Exponential distribution

The exponential distribution applies to continuous random variables and describes the time between events in a Poisson process. For example, the time until an electronic device fails. It is the continuous counterpart of the geometric distribution.

In [9]:
from scipy.stats import expon

data = np.linspace(0, 5, 1000)
pdf = expon.pdf(data)

plt.figure(figsize = (10, 5))
plt.plot(data, pdf)
plt.show()
No description has been provided for this image

Uniform distribution

The uniform distribution applies to continuous random variables and assumes that all values in an interval have the same probability of occurrence. For example, select a random number between 0 and 1.

In [10]:
from scipy.stats import uniform

data = np.linspace(-2, 2, 1000)
pdf = uniform.pdf(data, loc = -1, scale = 2)

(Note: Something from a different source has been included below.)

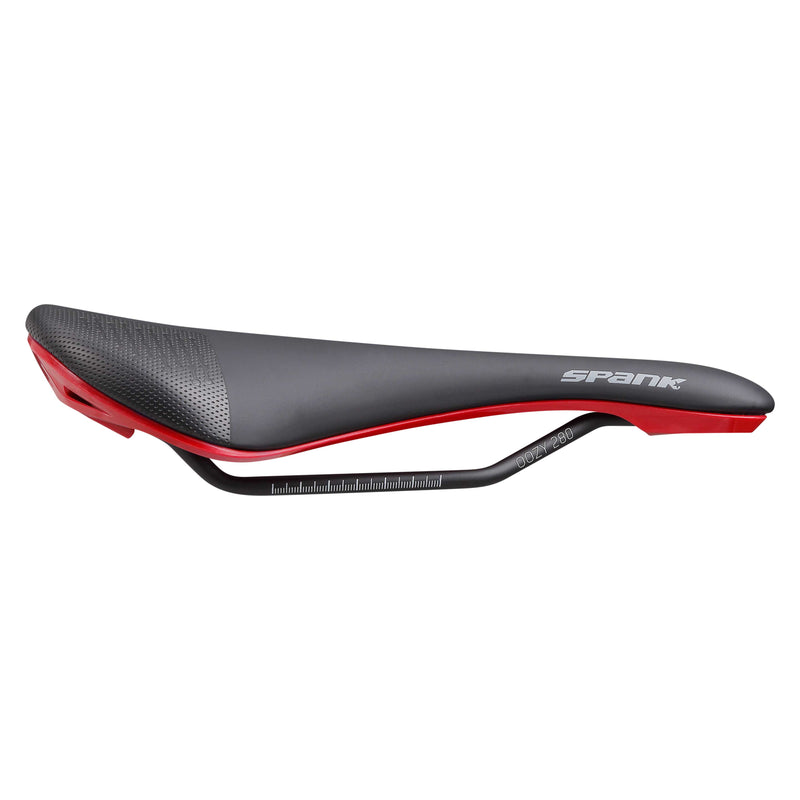 Load image into Gallery viewer, Spank OOZY 280 Saddle - Black Red | 265mm Width | Chromoly Rails | Synthetic
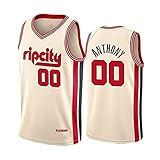 ZeYuKeJi Männer Jersey-NBA Trail Blazer # 00 Anthony Mesh-gestickter Basketball Jersey ärmellos T-Shirt (Color : Beige, Size : M)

plt.figure(figsize = (10, 5))
plt.plot(data, pdf)
plt.show()
No description has been provided for this image

Chi-square distribution

The Chi-square distribution applies to continuous random variables and is widely used for hypothesis testing and contingency tables.

In [11]:
from scipy.stats import chi2

df = 5
data = np.linspace(0, 20, 1000)
pdf = chi2.pdf(data, df)

plt.figure(figsize = (10, 5))
plt.plot(data, pdf)
plt.show()
No description has been provided for this image

Student's t distribution

The Student's t distribution applies to continuous random variables and is similar to the normal distribution but with heavier tails. It is useful when the population size is small.

In [12]:
from scipy.stats import t

data = np.linspace(-10, 10, 100)
pdf = t.pdf(data, df)

plt.figure(figsize = (10, 5))
plt.plot(data, pdf)
plt.show()
No description has been provided for this image

Each of these distributions has its own set of parameters and associated formulas. The choice of distribution depends on the nature of the experiment or process being modeled.